__Task goal__
Reproduce, without alteration, every line of the data; exclude the images.

__Provided data__

:::::

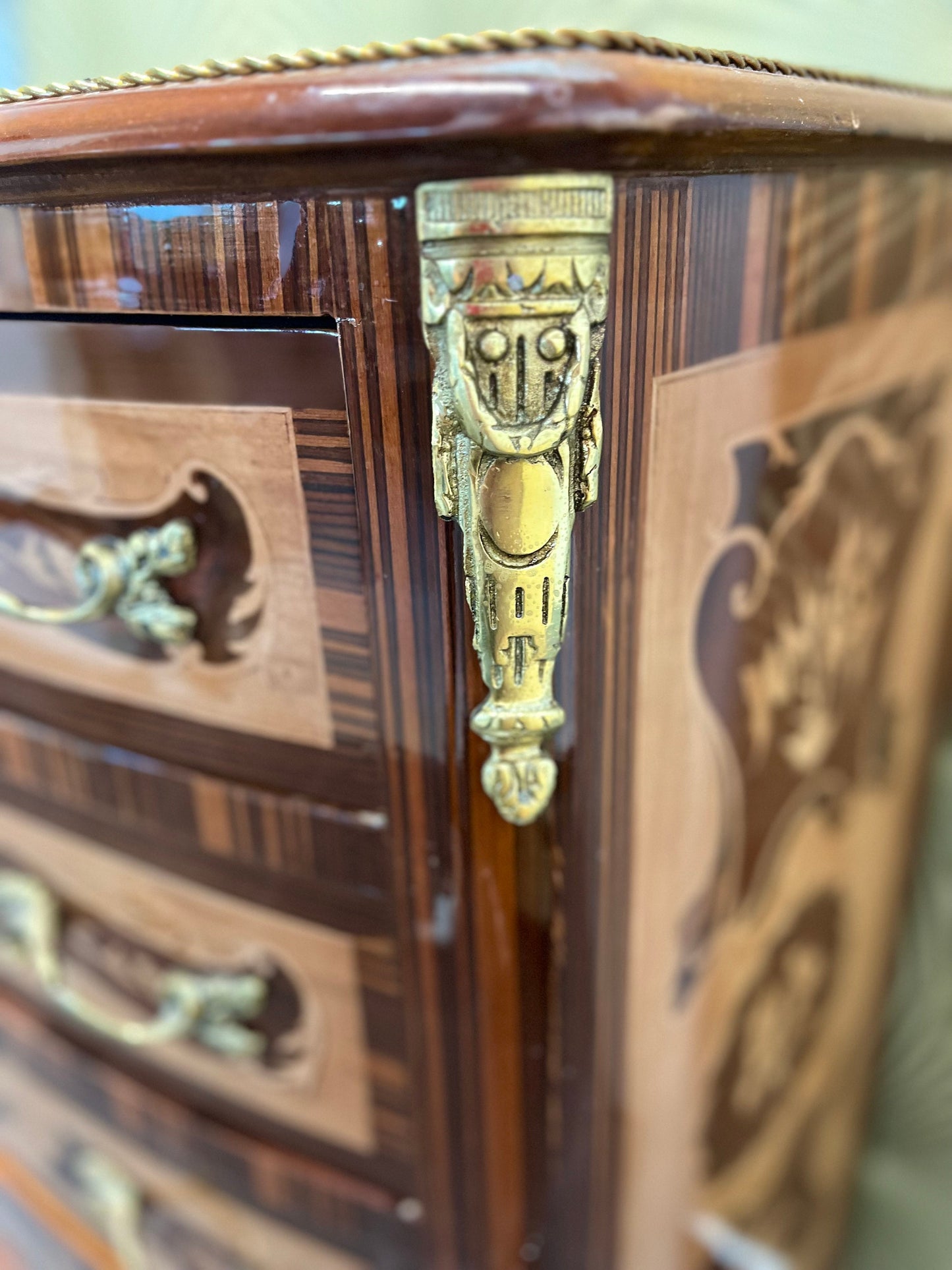 Chest of Drawer Retro Style 4 Drawers Cabinet Baroque Style Chest of Drawer Wood French Baroque Style Chest of Drawer for Home
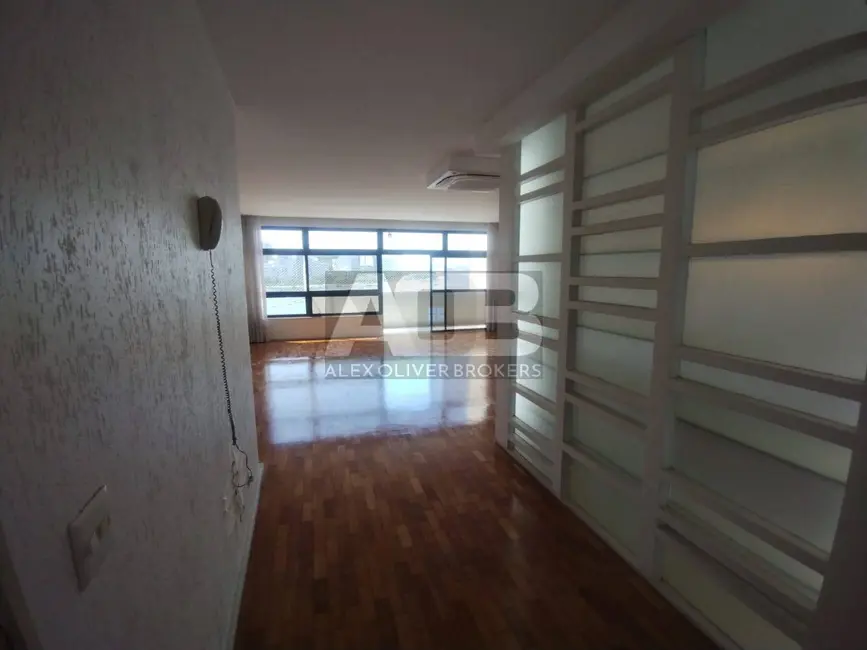Apartamento com 3 quartos à venda, 215m2 em Botafogo, Rio De Janeiro - RJ - imagem 4 Foto 4 de Apartamento com 3 quartos à venda, 215m2 em Botafogo, Rio De Janeiro - RJ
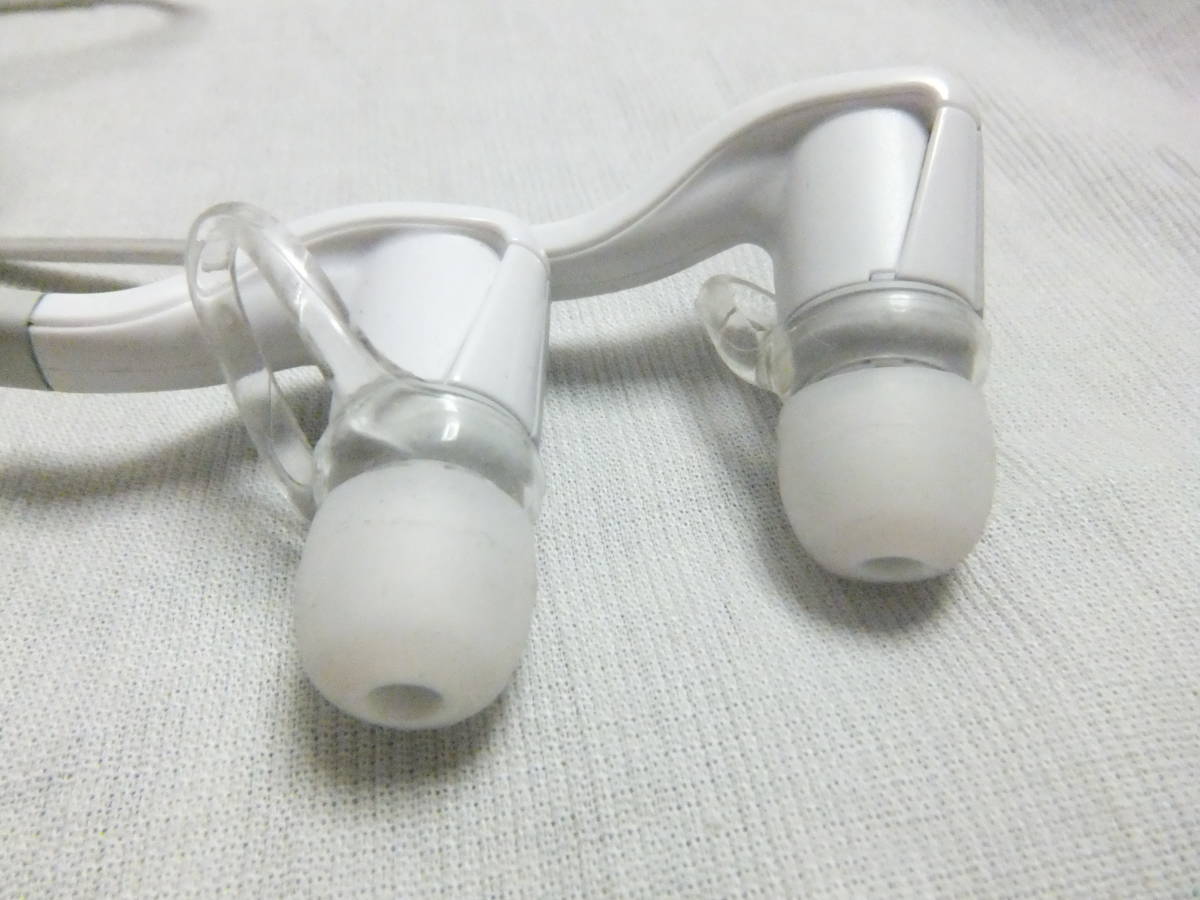 plantronics BACKBEAT GO 2 白 ホワイト Bluetooth ワイヤレス イヤホン 送140_画像3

:::::

__Solution to this problem__
 Chest of Drawer Retro Style 4 Drawers Cabinet Baroque Style Chest of Drawer Wood French Baroque Style Chest of Drawer for Home
Apartamento com 3 quartos à venda, 215m2 em Botafogo, Rio De Janeiro - RJ - imagem 4 Foto 4 de Apartamento com 3 quartos à venda, 215m2 em Botafogo, Rio De Janeiro - RJ
 plantronics BACKBEAT GO 2 白 ホワイト Bluetooth ワイヤレス イヤホン 送140_画像3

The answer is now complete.